Crypto hacking remains a serious problem

Written by Kapronasia || February 20 2024

With the crypto bear market receding and the possible return to a bull market, it is interesting to note that the amount stolen from crypto exchanges fell in 2023. However, the overall number of digital asset hacks still grew. Maybe it was the belief that the bear market would endure that partially deterred the cybercriminals? Probably not. As it turns out, the main reason that less crypto was stolen last year was that digital asset platforms are becoming more sophisticated in their security and responses to attacks, and are working more successfully with law enforcement than in the past.

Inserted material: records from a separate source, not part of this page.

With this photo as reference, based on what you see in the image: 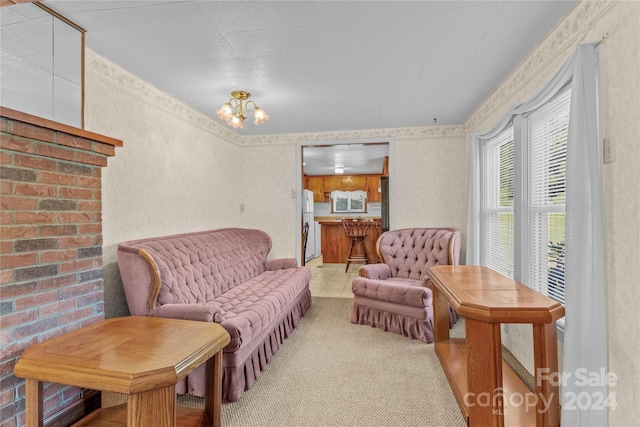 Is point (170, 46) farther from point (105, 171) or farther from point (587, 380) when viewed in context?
point (587, 380)

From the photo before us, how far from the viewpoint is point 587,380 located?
1435 millimetres

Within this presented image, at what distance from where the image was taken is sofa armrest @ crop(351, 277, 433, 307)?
279 centimetres

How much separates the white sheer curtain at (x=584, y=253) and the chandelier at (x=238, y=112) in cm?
228

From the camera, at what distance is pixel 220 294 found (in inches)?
108

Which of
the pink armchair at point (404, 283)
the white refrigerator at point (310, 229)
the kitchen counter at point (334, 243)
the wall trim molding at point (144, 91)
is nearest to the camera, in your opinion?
the wall trim molding at point (144, 91)

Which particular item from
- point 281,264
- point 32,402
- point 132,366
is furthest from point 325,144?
point 32,402

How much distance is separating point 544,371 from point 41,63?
3.16m

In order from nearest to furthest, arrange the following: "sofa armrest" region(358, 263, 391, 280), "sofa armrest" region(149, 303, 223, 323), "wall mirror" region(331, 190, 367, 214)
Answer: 1. "sofa armrest" region(149, 303, 223, 323)
2. "sofa armrest" region(358, 263, 391, 280)
3. "wall mirror" region(331, 190, 367, 214)

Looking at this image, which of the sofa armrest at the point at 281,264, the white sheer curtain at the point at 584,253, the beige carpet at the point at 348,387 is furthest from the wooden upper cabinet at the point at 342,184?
the white sheer curtain at the point at 584,253

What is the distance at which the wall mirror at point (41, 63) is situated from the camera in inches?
62.2

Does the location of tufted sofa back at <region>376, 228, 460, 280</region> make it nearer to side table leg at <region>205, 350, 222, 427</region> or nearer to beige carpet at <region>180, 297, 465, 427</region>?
beige carpet at <region>180, 297, 465, 427</region>

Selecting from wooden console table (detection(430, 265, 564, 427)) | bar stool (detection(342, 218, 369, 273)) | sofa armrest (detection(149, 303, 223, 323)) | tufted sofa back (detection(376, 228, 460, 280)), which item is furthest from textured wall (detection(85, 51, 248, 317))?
bar stool (detection(342, 218, 369, 273))

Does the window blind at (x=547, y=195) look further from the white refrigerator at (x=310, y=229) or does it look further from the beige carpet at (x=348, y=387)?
the white refrigerator at (x=310, y=229)

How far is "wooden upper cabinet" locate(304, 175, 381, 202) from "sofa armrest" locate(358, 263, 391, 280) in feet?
17.3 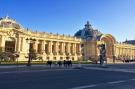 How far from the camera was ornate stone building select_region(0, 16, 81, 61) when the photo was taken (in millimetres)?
83812

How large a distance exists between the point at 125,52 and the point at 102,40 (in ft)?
113

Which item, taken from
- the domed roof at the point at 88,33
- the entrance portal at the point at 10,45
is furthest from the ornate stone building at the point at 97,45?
the entrance portal at the point at 10,45

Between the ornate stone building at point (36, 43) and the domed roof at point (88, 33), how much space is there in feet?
34.8

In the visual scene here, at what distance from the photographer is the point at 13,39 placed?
8625 cm

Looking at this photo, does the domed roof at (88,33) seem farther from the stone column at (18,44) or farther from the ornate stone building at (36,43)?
the stone column at (18,44)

Data from blockchain research firm Chainalysis show that in 2023, funds stolen fell by roughly 54.3% to $1.7 billion – though the total number of individual hacking incidents still grew from 219 in 2022 to 231 in 2023. Given that 2022 was the largest year ever for crypto theft with $3.7 billion stolen, it would appear that there are reasons for optimism about the situation.

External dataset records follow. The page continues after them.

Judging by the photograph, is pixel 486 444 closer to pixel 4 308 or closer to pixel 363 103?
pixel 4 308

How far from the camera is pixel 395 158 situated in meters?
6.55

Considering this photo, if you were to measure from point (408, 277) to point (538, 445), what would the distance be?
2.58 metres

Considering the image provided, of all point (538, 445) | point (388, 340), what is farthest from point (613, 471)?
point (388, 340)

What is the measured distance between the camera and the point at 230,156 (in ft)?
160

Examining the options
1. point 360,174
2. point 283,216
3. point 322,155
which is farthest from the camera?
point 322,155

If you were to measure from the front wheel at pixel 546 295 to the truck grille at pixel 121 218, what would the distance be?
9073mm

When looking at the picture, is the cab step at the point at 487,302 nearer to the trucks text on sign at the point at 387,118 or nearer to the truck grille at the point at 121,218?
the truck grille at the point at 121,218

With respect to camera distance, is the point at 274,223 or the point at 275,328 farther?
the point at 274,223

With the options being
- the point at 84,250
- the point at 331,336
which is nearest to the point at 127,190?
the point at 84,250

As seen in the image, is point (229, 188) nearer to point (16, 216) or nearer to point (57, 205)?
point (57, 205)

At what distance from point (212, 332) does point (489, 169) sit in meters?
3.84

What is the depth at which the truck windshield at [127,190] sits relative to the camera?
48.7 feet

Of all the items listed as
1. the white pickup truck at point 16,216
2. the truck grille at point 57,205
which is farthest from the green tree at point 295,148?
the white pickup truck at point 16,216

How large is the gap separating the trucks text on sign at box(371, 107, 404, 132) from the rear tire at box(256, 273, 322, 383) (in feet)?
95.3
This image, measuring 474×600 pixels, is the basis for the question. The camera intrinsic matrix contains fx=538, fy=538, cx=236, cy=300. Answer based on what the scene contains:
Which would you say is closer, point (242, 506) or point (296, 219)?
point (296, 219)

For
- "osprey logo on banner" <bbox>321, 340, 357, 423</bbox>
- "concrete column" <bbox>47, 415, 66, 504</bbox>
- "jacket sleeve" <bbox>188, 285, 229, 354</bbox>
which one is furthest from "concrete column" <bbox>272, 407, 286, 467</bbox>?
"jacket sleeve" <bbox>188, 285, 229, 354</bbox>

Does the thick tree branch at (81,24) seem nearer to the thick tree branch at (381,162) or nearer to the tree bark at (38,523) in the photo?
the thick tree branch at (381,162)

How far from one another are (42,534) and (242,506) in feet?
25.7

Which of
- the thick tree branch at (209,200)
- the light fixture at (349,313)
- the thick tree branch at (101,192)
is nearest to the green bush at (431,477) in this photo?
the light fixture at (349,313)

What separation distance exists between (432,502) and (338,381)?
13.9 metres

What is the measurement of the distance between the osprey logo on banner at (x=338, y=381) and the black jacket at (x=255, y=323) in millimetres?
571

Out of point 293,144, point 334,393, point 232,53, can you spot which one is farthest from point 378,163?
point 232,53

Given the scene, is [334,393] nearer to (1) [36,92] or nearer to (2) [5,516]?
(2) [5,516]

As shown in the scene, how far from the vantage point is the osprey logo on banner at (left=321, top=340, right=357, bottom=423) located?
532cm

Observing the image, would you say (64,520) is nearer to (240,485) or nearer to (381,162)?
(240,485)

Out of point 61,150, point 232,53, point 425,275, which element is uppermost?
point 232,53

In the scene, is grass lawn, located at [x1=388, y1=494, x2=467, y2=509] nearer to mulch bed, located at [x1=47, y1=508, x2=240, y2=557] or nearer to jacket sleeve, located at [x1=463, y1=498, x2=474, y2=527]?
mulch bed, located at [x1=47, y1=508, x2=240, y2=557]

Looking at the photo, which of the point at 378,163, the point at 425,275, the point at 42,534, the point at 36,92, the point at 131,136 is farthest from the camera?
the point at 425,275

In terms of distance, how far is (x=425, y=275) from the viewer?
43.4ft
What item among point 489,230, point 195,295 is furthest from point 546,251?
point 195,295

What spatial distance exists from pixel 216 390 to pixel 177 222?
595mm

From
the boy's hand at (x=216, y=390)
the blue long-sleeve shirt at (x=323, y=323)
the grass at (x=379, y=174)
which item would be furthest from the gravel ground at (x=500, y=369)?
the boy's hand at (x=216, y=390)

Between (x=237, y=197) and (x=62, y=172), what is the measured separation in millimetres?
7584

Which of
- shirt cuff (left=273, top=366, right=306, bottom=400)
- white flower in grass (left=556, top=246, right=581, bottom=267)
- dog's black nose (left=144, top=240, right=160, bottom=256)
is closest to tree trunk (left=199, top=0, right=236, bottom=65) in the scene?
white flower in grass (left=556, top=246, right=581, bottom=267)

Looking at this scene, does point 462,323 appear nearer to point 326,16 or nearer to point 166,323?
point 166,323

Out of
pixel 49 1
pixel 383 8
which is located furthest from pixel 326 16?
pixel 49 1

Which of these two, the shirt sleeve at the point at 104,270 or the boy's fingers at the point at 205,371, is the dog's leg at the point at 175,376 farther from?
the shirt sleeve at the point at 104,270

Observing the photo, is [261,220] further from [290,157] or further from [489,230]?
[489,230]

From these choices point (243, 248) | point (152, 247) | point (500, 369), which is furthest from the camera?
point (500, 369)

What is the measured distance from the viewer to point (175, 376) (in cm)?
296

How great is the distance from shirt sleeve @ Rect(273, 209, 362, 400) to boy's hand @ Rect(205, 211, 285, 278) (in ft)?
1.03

Hacks of DeFi protocols were largely responsible for the surge in pilfered digital assets that occurred in 2021 and 2022. Cybercriminals stole more than $3.1 billion in DeFi hacks in 2022, but just $1.1 billion from DeFi protocols in 2023. Chainalysis found that the DeFi vulnerabilities hackers exploited in 2021-22 may have derived from protocol operators focusing too much on growth (can you imagine that?) and insufficiently on the implementation and maintenance of strong security systems. Specifically, there are vulnerabilities linked to insufficient auditing of smart contract design and private keys being compromised. 

Meanwhile, the world’s most notorious crypto hacking state, North Korea, committed more hacking crimes than ever in 2023 – a 20 – but stole less (US$1 billion) than its all-time high of US$1.7 billion in 2022. Chainalysis’s data show that North Korea-linked hackers stole about US$428.8 million from DeFi platforms in 2023, US$330 million from exchanges, US$150 million from targeted centralized services and US$127 million from wallet providers.

We expect that Pyongyang will redouble its efforts to pilfer crypto this year given high tensions with both South Korea and the United States. North Korea is believed to use stolen crypto to fund its secretive and illicit nuclear weapons program, as well as its conventional weapons. While some analysts have speculated that the DPRK’s unusually belligerent rhetoric of late signals its intention to spark a confrontation with the South or U.S., we reckon the regime is feeling the pinch of harsh sanctions and its own governance problems – and is keen to extract concessions from its adversaries with tough talk and posturing.